**EXERCISE OBJECTIVE:** Output, exactly as written, the lines below starting at the line containing "Pompano Beach Mayor" and ending at the line containing "a bedroom with". Drop the pictures and keep both end lines.

**PROVIDED RECORDS:**
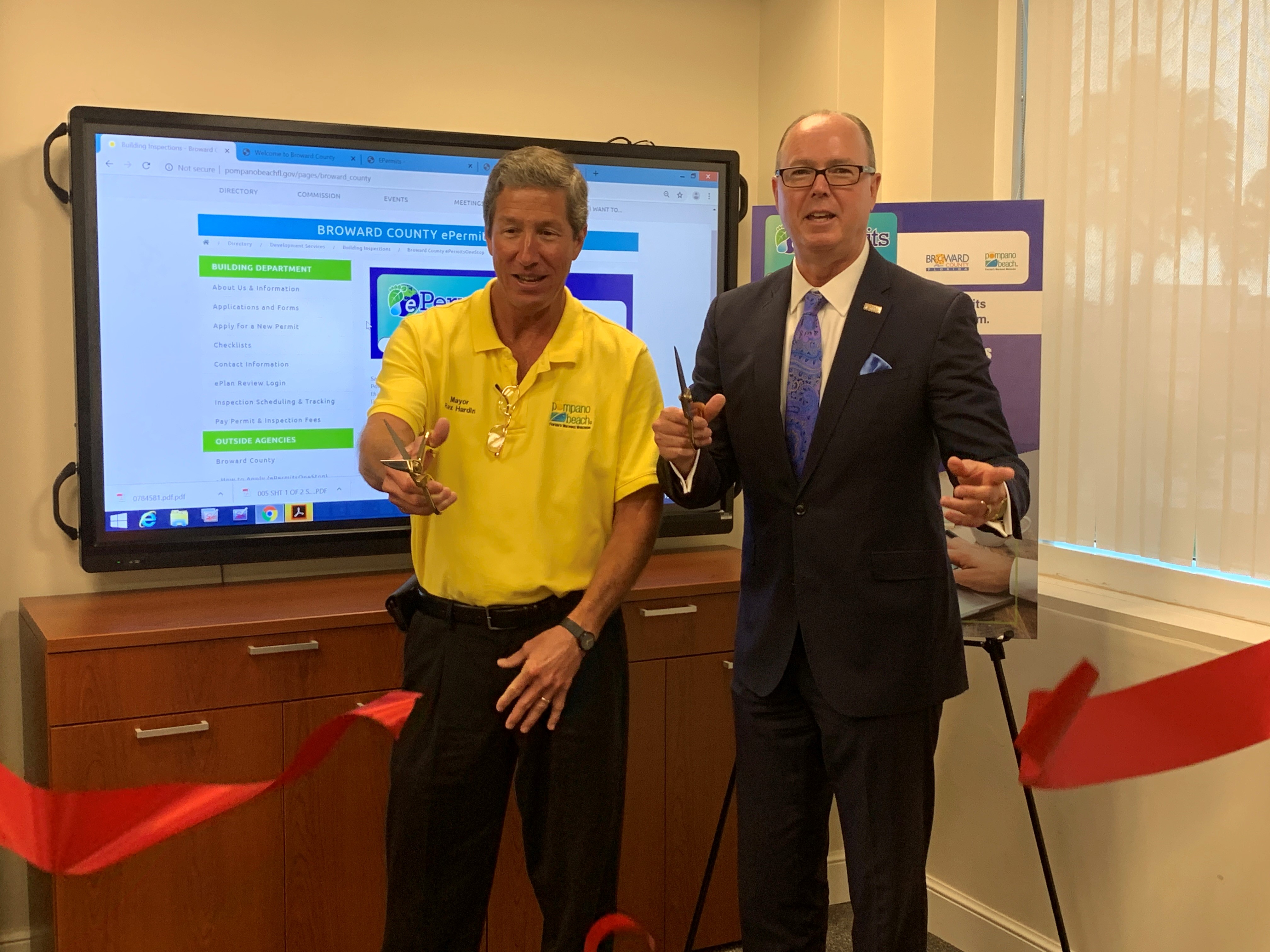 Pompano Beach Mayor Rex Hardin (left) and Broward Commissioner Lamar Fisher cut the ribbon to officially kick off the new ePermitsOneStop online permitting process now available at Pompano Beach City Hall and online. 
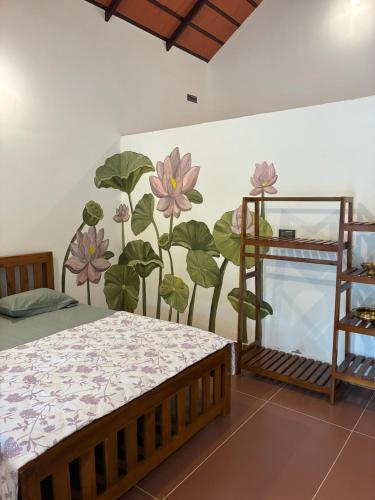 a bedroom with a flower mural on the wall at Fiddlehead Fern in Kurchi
---
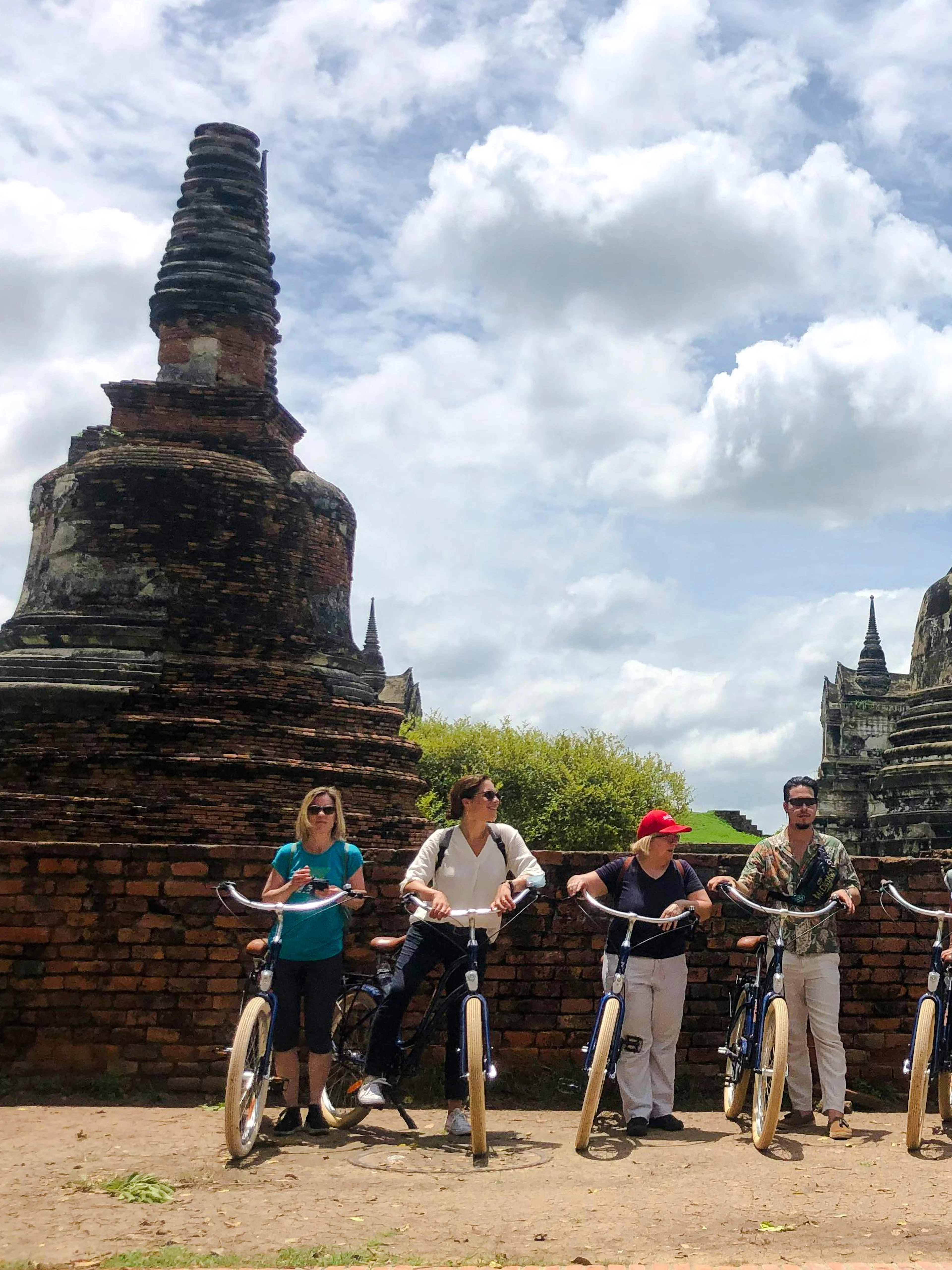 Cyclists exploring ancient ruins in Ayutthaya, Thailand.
---
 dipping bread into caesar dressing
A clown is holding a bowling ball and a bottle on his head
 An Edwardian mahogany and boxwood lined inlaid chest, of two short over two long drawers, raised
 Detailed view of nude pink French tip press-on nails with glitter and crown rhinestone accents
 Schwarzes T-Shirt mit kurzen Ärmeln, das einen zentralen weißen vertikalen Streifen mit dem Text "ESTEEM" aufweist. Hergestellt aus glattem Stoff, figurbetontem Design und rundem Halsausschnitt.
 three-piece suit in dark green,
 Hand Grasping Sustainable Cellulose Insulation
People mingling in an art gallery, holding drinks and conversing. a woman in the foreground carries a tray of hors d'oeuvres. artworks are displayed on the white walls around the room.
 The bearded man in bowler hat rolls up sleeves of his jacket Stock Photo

**WRITTEN ANSWER:**
 Pompano Beach Mayor Rex Hardin (left) and Broward Commissioner Lamar Fisher cut the ribbon to officially kick off the new ePermitsOneStop online permitting process now available at Pompano Beach City Hall and online. 
 a bedroom with a flower mural on the wall at Fiddlehead Fern in Kurchi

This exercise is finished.